Ride-sharing app Taxi Magic has a new name, Curb. Curb


Taxi Magic, a Concur-funded ride-sharing app that says it partners with fleets, and not unaffiliated drivers, has brought in a new CEO to scale the business, and has rebranded as Curb.

Curb’s new CEO, Patrick Lashinsky, CEO of ZipRealty from 2007 to 2010, replaced Thomas DePasquale in the top Taxi Magic post a couple of months ago. DePasquale remains on the board, but has no operational role.

Lashinsky says Curb felt compelled to rebrand because 12-14 states, such as New York, North Carolina and Georgia, tightly restrict companies with “taxi” in their names to taxi-type services, ruling out other services, including black car and airport shuttles, that Curb operates.

curb logo now or later

Lashinsky concedes that the company’s market research shows that “Curb” doesn’t resonate with consumers generally, but does so with people looking for transportation. The new branding symbolizes “where you start your journey, where you want to get to, and where you end up,” he adds.

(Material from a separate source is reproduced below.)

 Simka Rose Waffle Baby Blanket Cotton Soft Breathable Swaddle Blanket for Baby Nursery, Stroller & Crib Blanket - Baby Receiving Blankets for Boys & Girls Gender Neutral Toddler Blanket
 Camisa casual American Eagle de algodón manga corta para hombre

Founded in 2007, Curb enables travelers and locals to e-hail a taxi or black car through its apps and then to pay through the app or without it using a credit card or cash.

Lashinsky says about 30% of the company’s business is with business travelers, and that within 30 to 60 days passengers whose companies use Concur Travel & Expense will see their Curb bookings flow right into their expense reports.

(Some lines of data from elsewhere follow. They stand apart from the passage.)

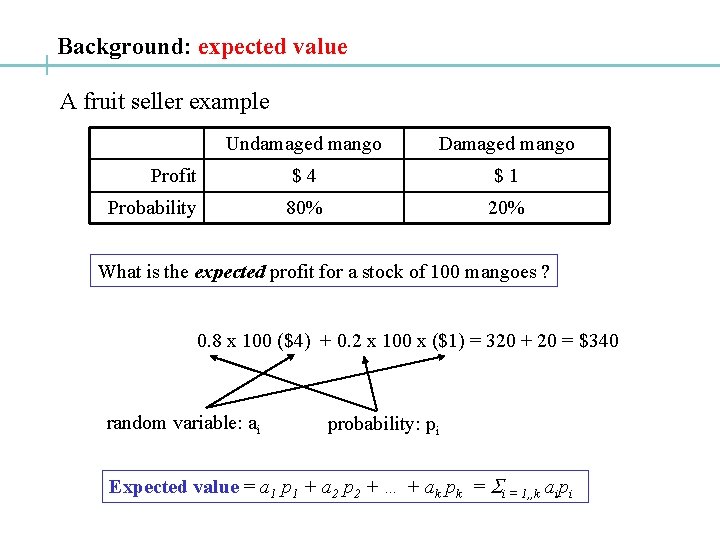 Background: expected value A fruit seller example Undamaged mango Damaged mango Profit $4 $1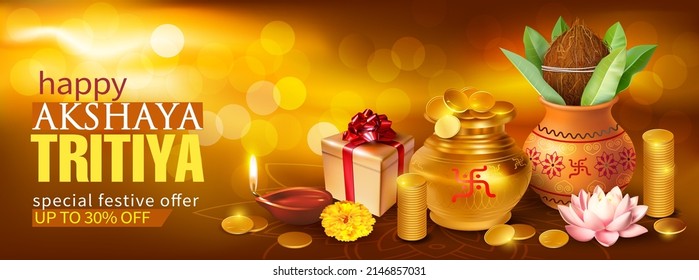 Promotion banner with Kalash, gold pot, diya and coins for Indian festival Akshya Tritiya. Vector illustration.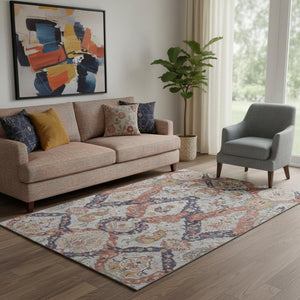 HomeRoots 8' Blue Copper and Beige Ikat Round Rug – Washable, UV Protected, Stylish & Durable for Any Space! 708166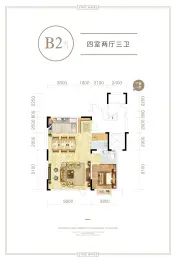 城投南信天骄观澜4室2厅1厨3卫建面168.0㎡
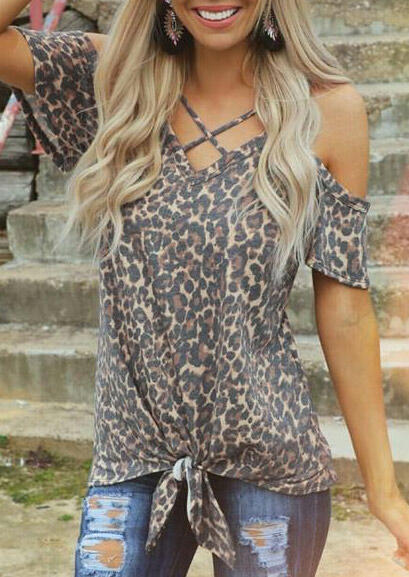 

Leopard Criss-Cross Cold Shoulder Blouse, 441416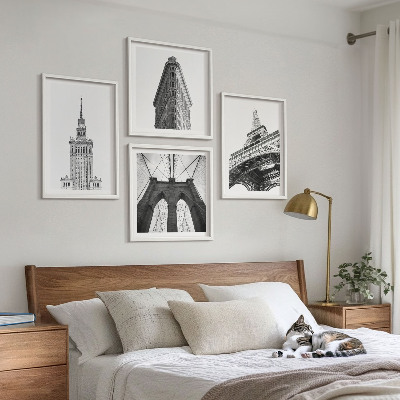 Mur de tableaux Architecture minimaliste en noir et blanc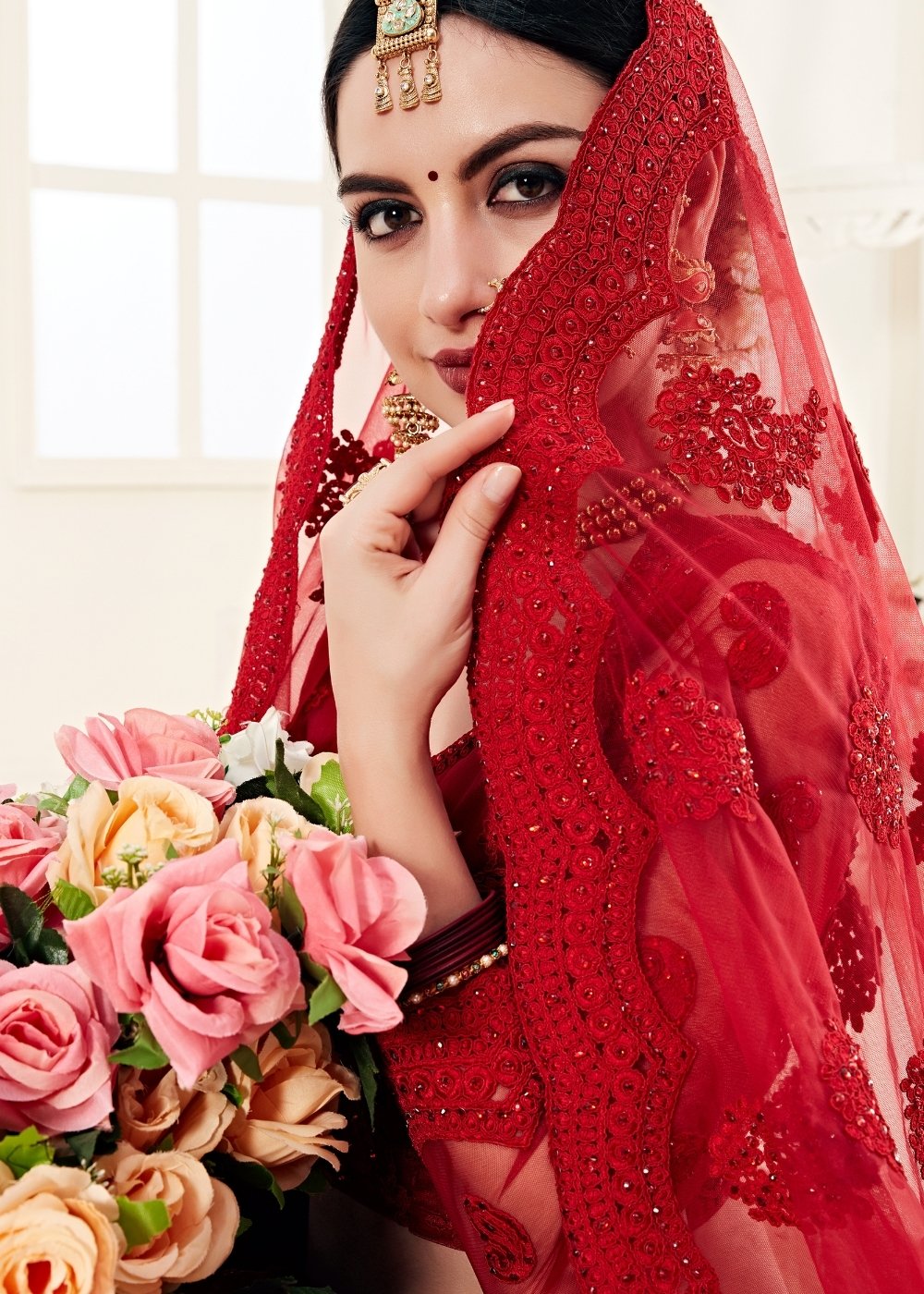 Scarlet Red Soft Net Lehenga Choli with Cording Embroidery & Stonework | Ready To Wear - qivii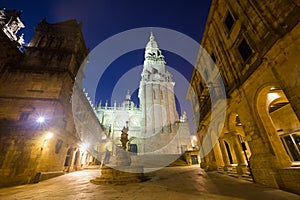 Square of Praterias and Cathedral Bell tower in Santiago de Com photo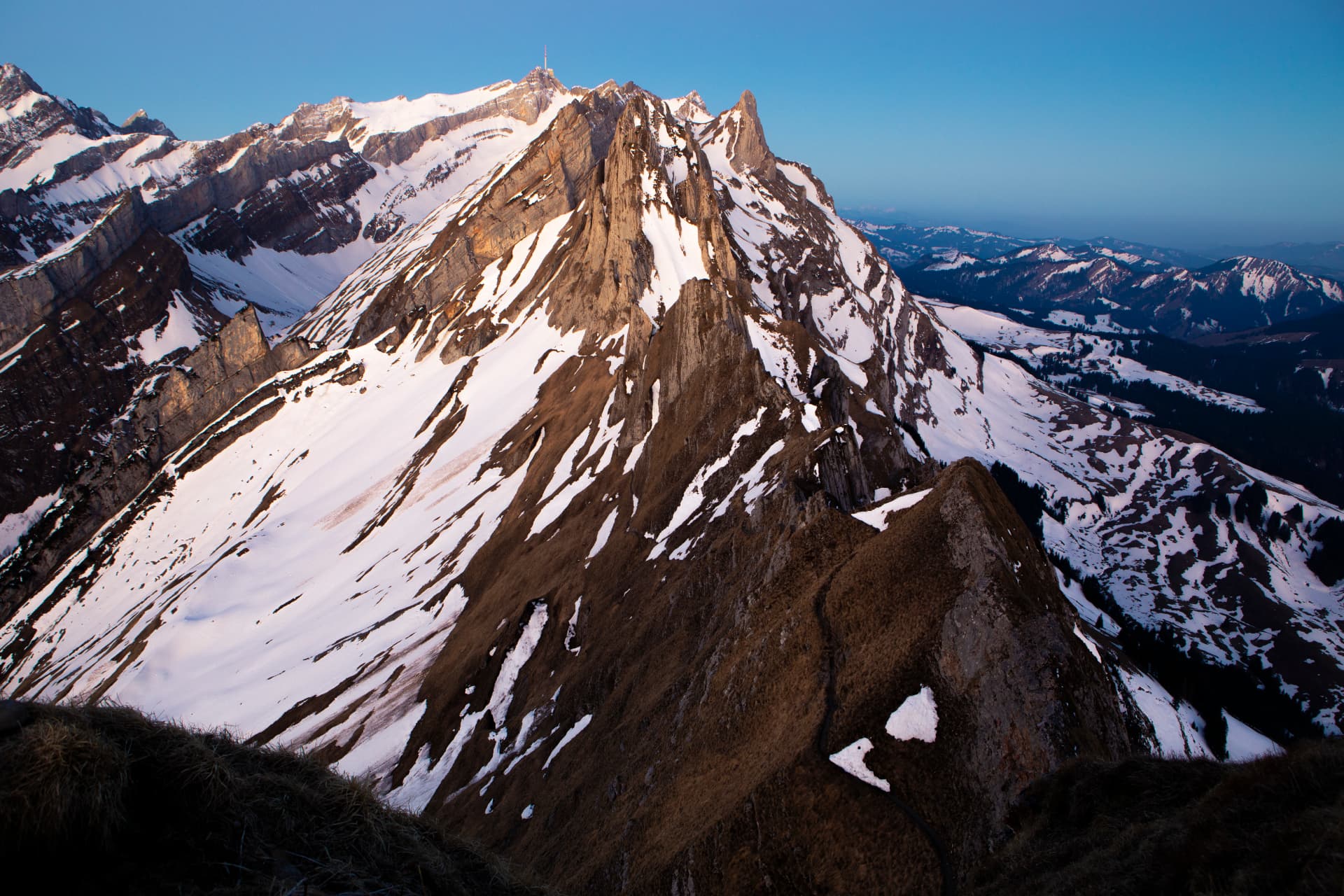Panorama des Alpsteins mit dem Säntis im kühlen Morgenlicht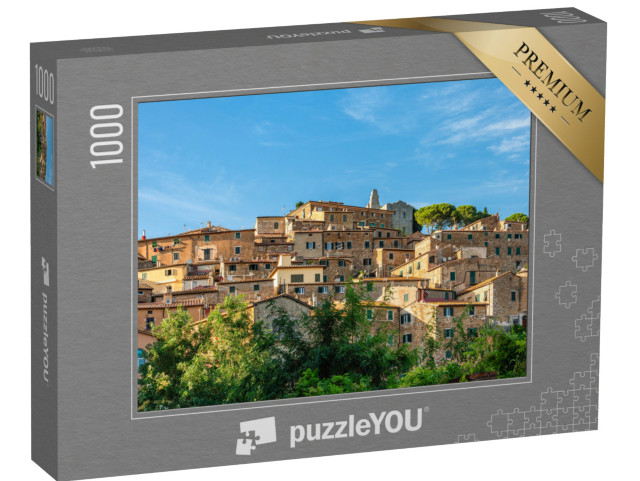 Puzzle 1000 pezzi „Pomeriggio di sole nel villaggio di Campiglia Marittima, nella regione Toscana“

Uber and Airbnb have reached deals with Concur, as well.

Concur is the largest investor in Curb, and it has received some $35 million in total funding to date. Concur has a minority stake in Curb, which operates in 60 U.S. cities and boasts of 35,000 taxis and 6,500 other for-hire vehicles in its network.

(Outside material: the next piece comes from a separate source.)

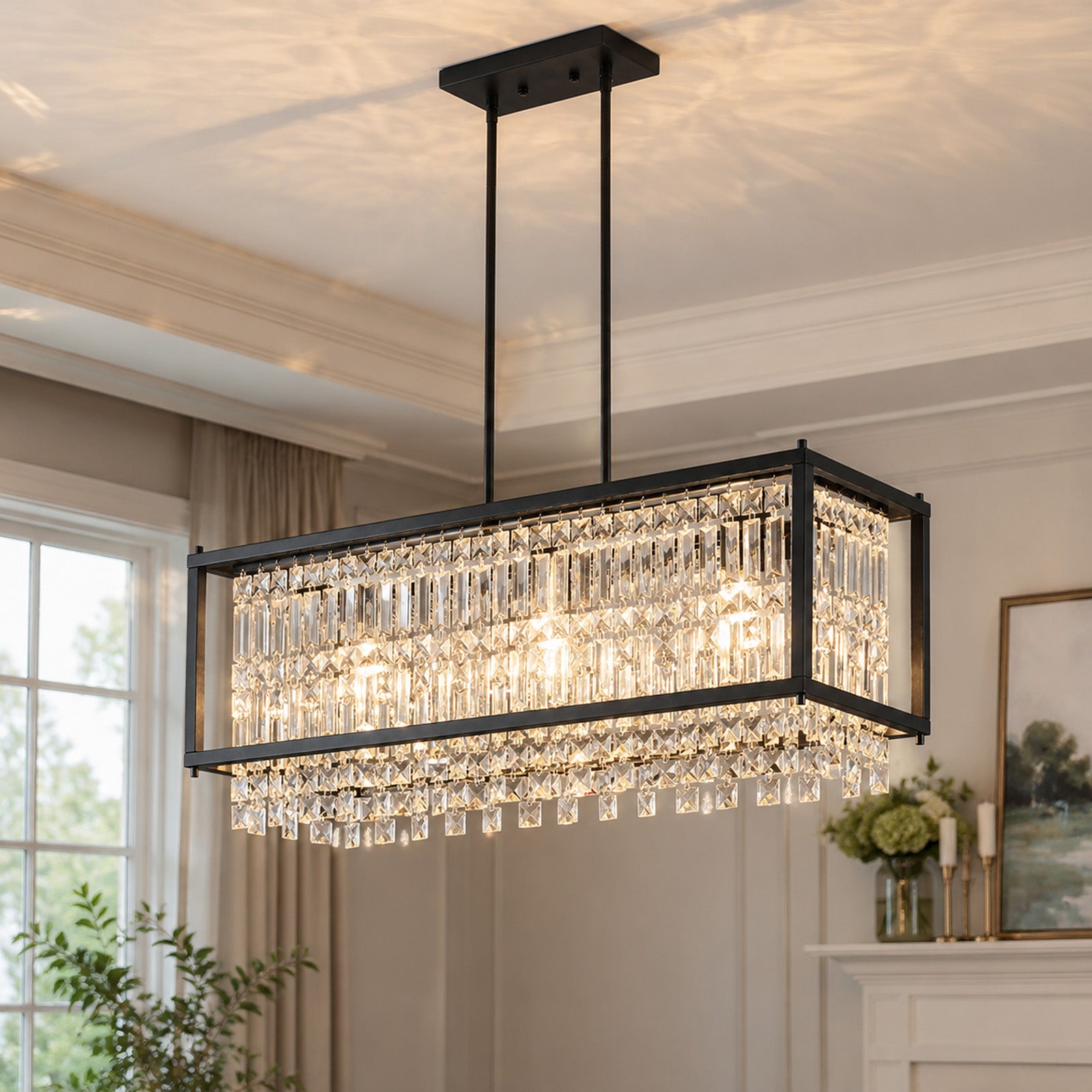 Modern Farmhouse Style Geometric Crystal Chandelier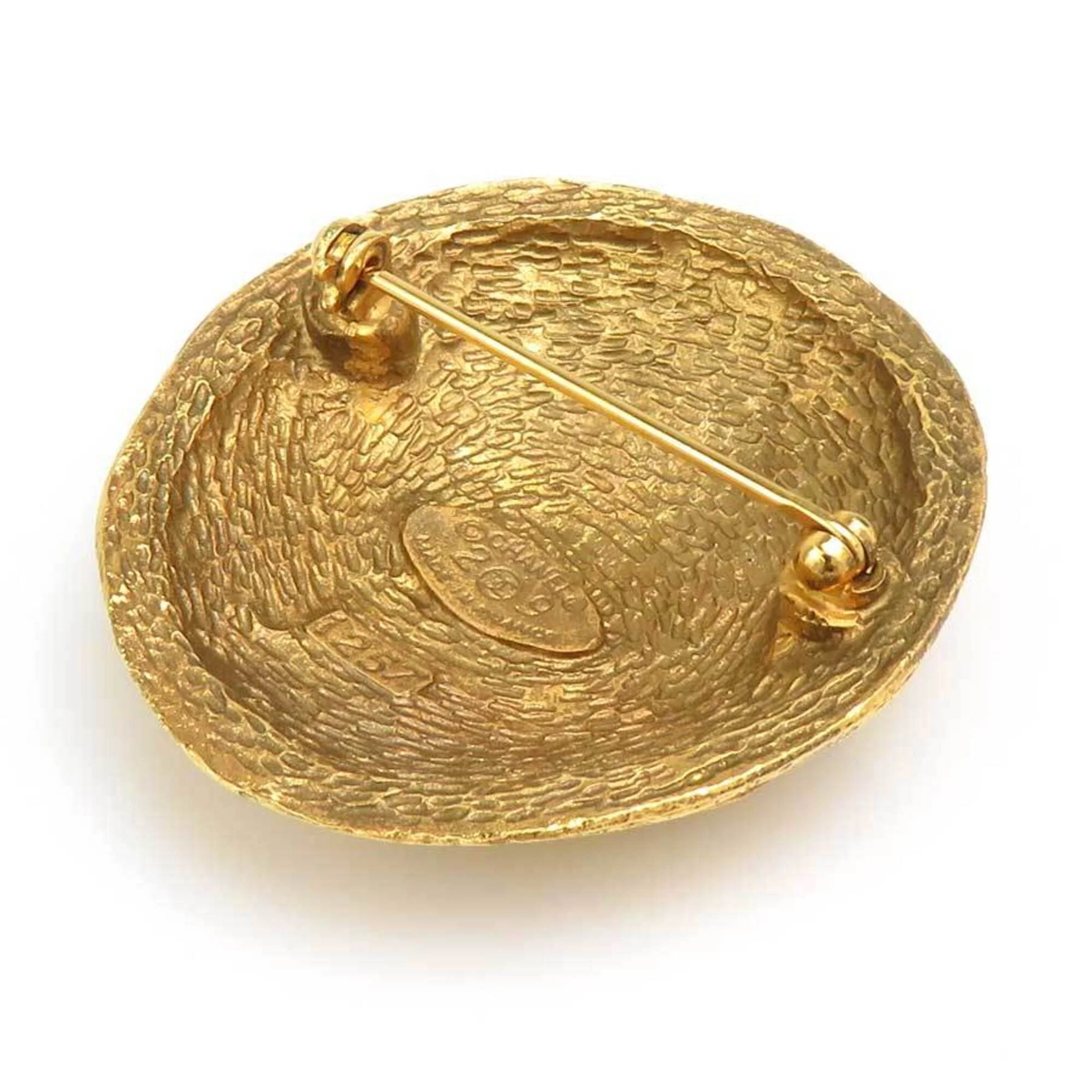 Vintage Brooch Metal Gold - Image 4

Curb bills itself as a sort of establishment-oriented ride-share app, pointing out that it only works with “incumbents,” namely licensed fleets and drivers who are insured, follow local law and are subject to consumer protections.

Similar to taxi companies’ criticisms of Uber, Lyft, Halo and other ride-sharing apps, Curb is a proponents of a level-playing field, and isn’t necessarily much for “disruption.”

Lashinsky, though, appreciates all the publicity that competitors have garnered as it has helped to increase demand.

“The fact that they are having troubles,” Lashinsky says, referring to the regulatory tribulations of ride-sharing apps such as Uber and Lyft, “I love that.”